There are five ‘states of matter’ and each has different physical properties.

If you look around you, you can probably identify at least three of them, because we live with them every day: solids, liquids, gases, plasmas, and Bose-Einstein condensates or BEC’s.

Each of the states of matter is also known as a ‘phase’. When certain physical conditions change, the compounds and elements can move from one phase to another. An example of this might be an increase in temperature that makes liquid water boil and turn into steam.


If you looked at water under a microscope you would see that they have closely packed particles that move around at random. The same rule goes for just about every liquid. They also seem to fit and shift inside their containers.


Gases are free-flowing. This includes steam, helium and even air. In a container, a gas will shift to fit the container and, depending upon the gas and the container size, can even fill the container. They have molecules that wiggle around and are spaced far apart.

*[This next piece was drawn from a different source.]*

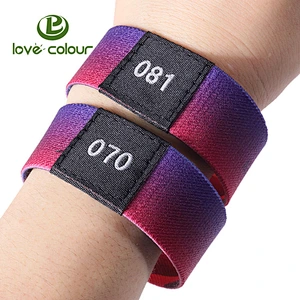 Custom polyester printing your own logo elastic wristband for promotion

Solid items like a car, desk, backpack or even your shirt are stable and firm. They have molecules that are grouped together in tightly organized patterns. There is a possibility that the molecules may have a slight vibration, but they don’t move around like liquids and gases.

The states of matter change phase when the physical conditions increase to become more active or excited or decrease to have less excitement. Another example might be the wonderful smells from a dinner that is cooking. When the molecules of the food become more excited they are released in a gas form and that is what you are smelling.

The idea of ‘phase’ actually just describes the physical state that the matter is in. The important word to take note of is the word ‘physical’, as there can only be a change from one phase to another if energy is added or taken away. The example again would be to increase heat to change a liquid into a gas or decrease the temperature to change water into ice. Each one is a physical change.

You can also make a change through the use of a chemical change that would break the water molecule’s chemical bonds. An example would be to add a carbon atom (C) and it would create formaldehyde (H2CO). However, if you add an oxygen atom (O), hydrogen peroxide is created (H2O2). Neither of these are even close to the original water molecule.

  • A rule of thumb is that in general, any change to the physical state does not lead to a molecular chemical state change.

Water has some of the most interesting phases as it can change from one form to another based on temperature. It starts out as a liquid and if the temperature increases it can create steam, which is a gas. If the steam is collected and allowed to cool, it can return to the original water.

If the temperature is decreased it will turn to ice and then change back to water when the temperature is raised. Each change of phase involves the vibration of the molecules and whether they are speeding up with the addition of heat or slowing down with a cooler temperature.

Can you think of any other situations where states of matter change due to alterations in the physical condition?.